Rachel Wiley's Nothing Is Okay simultaneously deconstructs the lies that we were taught about our bodies and our beings, and builds new ways of viewing ourselves.
10. Please by Jericho Brown - The first time I read Please by Jericho Brown it was 3 a.m. on Christmas morning, 2013. My partner slept in the middle of our bed across the room. We’d had a nasty fight before he finished off another bottle of wine and passed out. We would be broken up in another couple of months but for the time I was chain smoking next to a dim lamp and reading. And then, I was reading and chain smoking and sobbing. Jericho Brown writes loneliness like he’s etching the grooves of a blues record by hand. To read Please is to page through a photo album where tenderness and aggression are relatives you came up with and know too well to ever out and out dismiss. These poems are intimate in a way few things are, in a way few people know how to be, in a way we are shooed away from being and the danger in this is that you might end up seeing exactly what you’ve been missing and how much you need it.
11. When My Brother Was an Aztec by Natalie Diaz - The outcome of more than one date has depended on a potential lover’s reaction to "I Watch Her Eat the Apple" from Natalie Diaz’s When My Brother Was an Aztec.

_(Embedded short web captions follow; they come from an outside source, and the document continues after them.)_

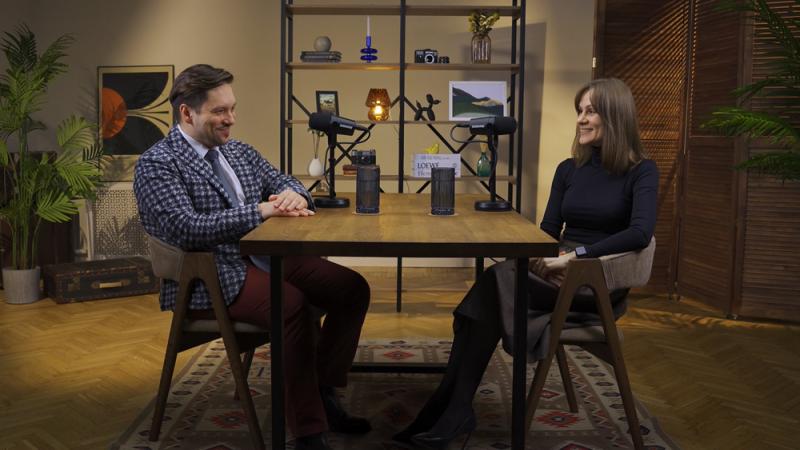 В подкасте «Бизнес культура» рассказали, что входит в состав гематогена и как с ним связаны пэтфуды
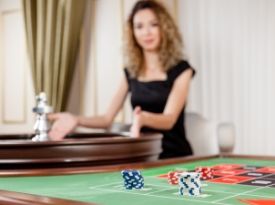 Bucharest Roulette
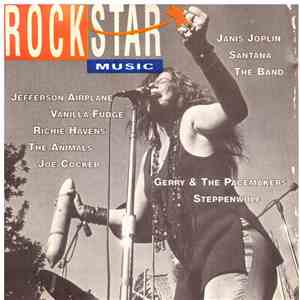 Various - Live 1964 - 69 FLAC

I have a sneaking suspicion that I may have actually known I was queer much sooner had I been able to read that particular poem earlier in my life because Natalie Diaz’s work has a way of teaching you about yourself while telling you about someone or something else. When My Brother Was an Aztec is a wonderfully dense body of work that you can move into for months at a time, a book worth wandering through and getting helplessly lost inside of. The way Diaz intertwines personal and the historic, mundane and mythological, individual and universal all stretch a different muscle as you read, satisfying deep stretches.